TA - PE.2007.0058 - 2007-03-30 - c/Service de la population (SPOP)

30 mars 2007Français11 min

Source vd.ch

Faits

Vu les faits suivants

A.

A.X.________ est né le 24 août 1979 en Algérie. Après

s'être vu refuser l'asile dans le canton du Valais, le 12 juillet 2002, sous

une autre identité, il a requis, le 13 janvier 2004, une autorisation de séjour

au titre de regroupement familial dans le canton de Vaud pour vivre auprès de

son épouse, B.X.________, ressortissante algérienne, titulaire d'un permis C.

Le requérant a été mis au bénéfice d'un permis B.

En date du 12 mai 2006, le Président du Tribunal

civil de l'arrondissement de 1.******** a ratifié, pour valoir prononcé de

mesures protectrices de l'union conjugale, la convention partielle signée par

les époux A.X.________ et B.X.________. Ces derniers convenaient notamment de

vivre séparés pour une durée indéterminée, que la jouissance du domicile

conjugal était attribuée à l'épouse et que cette dernière avait droit à une

pension de 400 francs par mois à charge de son époux. Le 15 mai 2006, l'épouse

de A.X.________ a annoncé la séparation du couple au Service du contrôle des

habitants de 1.********.

Le Service de la population (ci-après : SPOP) a

informé à plusieurs reprises A.X.________ qu'il envisageait de ne pas

renouveler son autorisation de séjour au titre de regroupement familial, lui

octroyant un délai pour formuler des observations, ce qu'il n'a toutefois pas

fait.

B.

Par décision du 6 décembre 2006, notifiée à l'intéressé le

18 janvier 2007, le SPOP a révoqué l'autorisation de séjour délivrée en faveur

de A.X.________ et lui a imparti un délai de deux mois pour quitter le territoire.

C.

Par courrier posté le 30 janvier 2007, A.X.________ a

interjeté recours contre cette décision auprès du Tribunal administratif,

concluant au renouvellement de son autorisation de séjour jusqu'à ce qu'une

décision définitive sur l'avenir de son couple puisse être prise.

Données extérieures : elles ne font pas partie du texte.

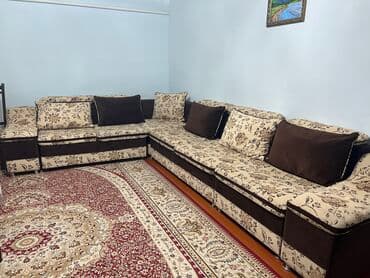 мягкий кухонный уголок: Угловой диван, Складной — 2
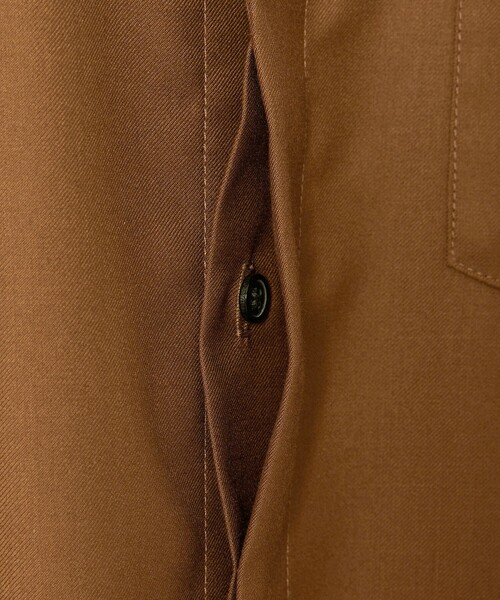 UNITED ARROWS（ユナイテッドアローズ）の「【ZOZO限定】ドレープ フライフロント シャツ（シャツ/ブラウス・メンズ・オリーブ/ライトブルー/ブラック/ナチュラル/ブラウン/ダークグレー/ベージュ/ネイビー・XS/S/M/L/XL/XXL）」の22枚目の写真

L'effet

suspensif au recours a été accordé par décision du 9 février 2007.

Le SPOP s'est déterminé le 2 mars 2007 et a conclu

au rejet du recours.

D.

Le tribunal a statué par voie de circulation.

Considérants

1.

Aux termes de l'art. 4 al. 1 de la

loi du 18 décembre 1989 sur la juridiction et la procédure administratives

(LJPA), le Tribunal administratif connaît en dernière instance cantonale de

tous les recours contre les décisions administratives cantonales ou communales

lorsque aucune autre autorité n'est expressément désignée par la loi pour en

connaître. Il est ainsi compétent pour statuer sur les recours interjetés

contre les décisions du SPOP et de l'Office cantonal de la main-d'œuvre et du

placement rendues en matière de police des étrangers.

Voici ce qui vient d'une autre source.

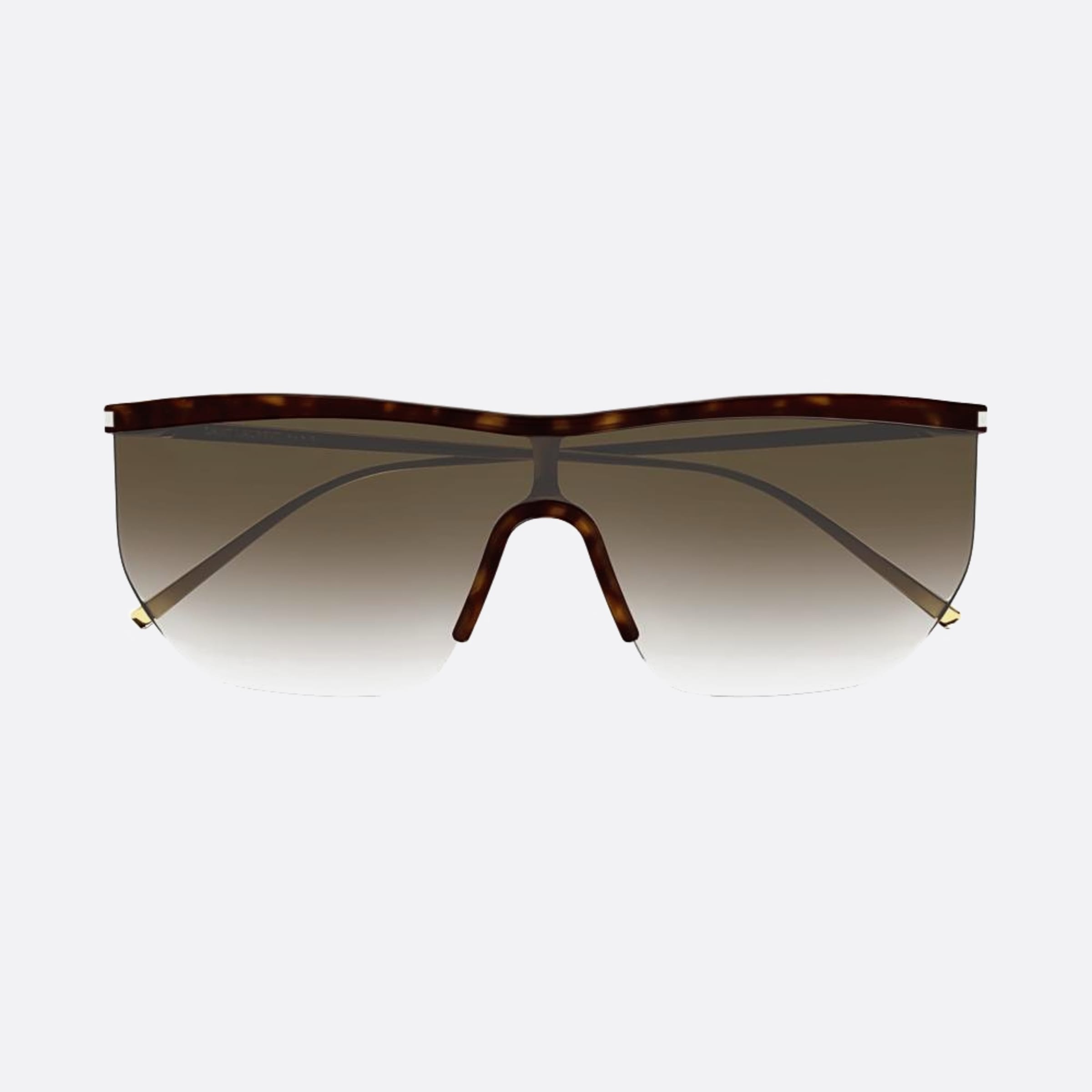 Saint 99mm Laurent Mask Havana Shield Women Sunglasses - Main View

Déposé en temps utile, selon les formes prescrites

par la loi, le recours est formellement recevable, de sorte qu’il y a lieu

d’entrer en matière sur le fond.

2.

Faute pour la loi du 26 mars 1931 sur le

séjour et l'établissement des étrangers (LSEE) d'étendre le pouvoir d'examen de

l'autorité de recours à l'opportunité, le Tribunal administratif n'exerce qu'un

contrôle en légalité, c'est-à-dire examine si la décision entreprise est

contraire à une disposition légale ou réglementaire expresse ou relève d'un

excès ou d'un abus du pouvoir d'appréciation (art. 36 lit. a et c LJPA; cf.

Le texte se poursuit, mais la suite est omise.